Task goal - Each line below needs to be restated word for word.

[Opening Data provided section]

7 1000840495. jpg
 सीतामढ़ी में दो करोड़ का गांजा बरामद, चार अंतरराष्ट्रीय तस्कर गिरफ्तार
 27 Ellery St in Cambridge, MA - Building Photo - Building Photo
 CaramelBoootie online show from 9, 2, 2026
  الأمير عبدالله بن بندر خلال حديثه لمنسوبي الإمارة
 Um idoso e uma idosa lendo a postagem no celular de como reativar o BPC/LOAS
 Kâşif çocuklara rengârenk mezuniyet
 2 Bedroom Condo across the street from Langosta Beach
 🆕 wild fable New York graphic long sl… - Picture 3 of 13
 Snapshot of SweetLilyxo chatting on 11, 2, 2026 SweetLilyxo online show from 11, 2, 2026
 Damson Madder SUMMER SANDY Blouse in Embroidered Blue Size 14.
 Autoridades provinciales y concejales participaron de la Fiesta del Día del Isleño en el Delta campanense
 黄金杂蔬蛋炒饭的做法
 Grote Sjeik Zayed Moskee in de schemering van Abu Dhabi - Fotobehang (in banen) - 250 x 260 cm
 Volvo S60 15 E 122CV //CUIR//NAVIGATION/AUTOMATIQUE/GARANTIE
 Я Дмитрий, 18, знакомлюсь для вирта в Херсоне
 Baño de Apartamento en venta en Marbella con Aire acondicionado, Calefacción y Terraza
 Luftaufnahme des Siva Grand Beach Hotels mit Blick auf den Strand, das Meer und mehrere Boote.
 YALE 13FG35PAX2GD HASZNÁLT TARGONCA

[Closing Data provided section]

Solution for this task -
7 1000840495. jpg
 सीतामढ़ी में दो करोड़ का गांजा बरामद, चार अंतरराष्ट्रीय तस्कर गिरफ्तार
 27 Ellery St in Cambridge, MA - Building Photo - Building Photo
 CaramelBoootie online show from 9, 2, 2026
  الأمير عبدالله بن بندر خلال حديثه لمنسوبي الإمارة
 Um idoso e uma idosa lendo a postagem no celular de como reativar o BPC/LOAS
 Kâşif çocuklara rengârenk mezuniyet
 2 Bedroom Condo across the street from Langosta Beach
 🆕 wild fable New York graphic long sl… - Picture 3 of 13
 Snapshot of SweetLilyxo chatting on 11, 2, 2026 SweetLilyxo online show from 11, 2, 2026
 Damson Madder SUMMER SANDY Blouse in Embroidered Blue Size 14.
 Autoridades provinciales y concejales participaron de la Fiesta del Día del Isleño en el Delta campanense
 黄金杂蔬蛋炒饭的做法
 Grote Sjeik Zayed Moskee in de schemering van Abu Dhabi - Fotobehang (in banen) - 250 x 260 cm
 Volvo S60 15 E 122CV //CUIR//NAVIGATION/AUTOMATIQUE/GARANTIE
 Я Дмитрий, 18, знакомлюсь для вирта в Херсоне
 Baño de Apartamento en venta en Marbella con Aire acondicionado, Calefacción y Terraza
 Luftaufnahme des Siva Grand Beach Hotels mit Blick auf den Strand, das Meer und mehrere Boote.
 YALE 13FG35PAX2GD HASZNÁLT TARGONCA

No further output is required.